His name was Cory. He was engaged to be married in a few months, and he left behind a 7-year-old son. He was a chef at the Moorings Yacht Club.

Cory was killed by a large van that made a left turn out of a parking lot onto the busy highway. The driver must have been in a hurry, or on the phone, because Cory was hard to miss. It was broad daylight, and he had a bright orange motorcycle. He was not a small man. He wore a full-face helmet that matched his bike, despite the fact that helmets are not required in Florida.

A day later, a cross appeared at the intersection. It said “RIP Cory,” and it was decorated with red foil heart-shaped balloons. Every time I passed it, my eyes were drawn to it. Once, as I sat at the stoplight, I watched a jogger pause and look at the photos of the deceased. I felt a lurch in my chest, thinking that Cory was still alive when I saw him.
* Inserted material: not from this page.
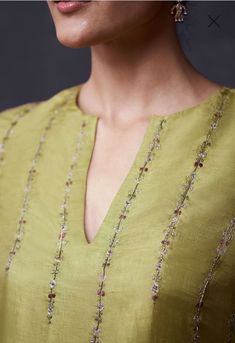 Embroidery Neck Patterns, Hand Embroidery Dress, Embroidered Shirts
My happy vacation was subdued, impacted by the senseless death of a stranger. It was a first for me, walking by the scene of a fatal accident, and I won’t ever see motorcycles the same way.

Please, drivers, slow down and be more careful. Whether it’s a motorcycle, a bicycle, a jogger, or another car, it’s a person. None of us wants to be obliterated, replaced by a cross by the side of the road. I don’t ever want to hear that terrible sound again, and I still cry for Cory, even though I never knew him.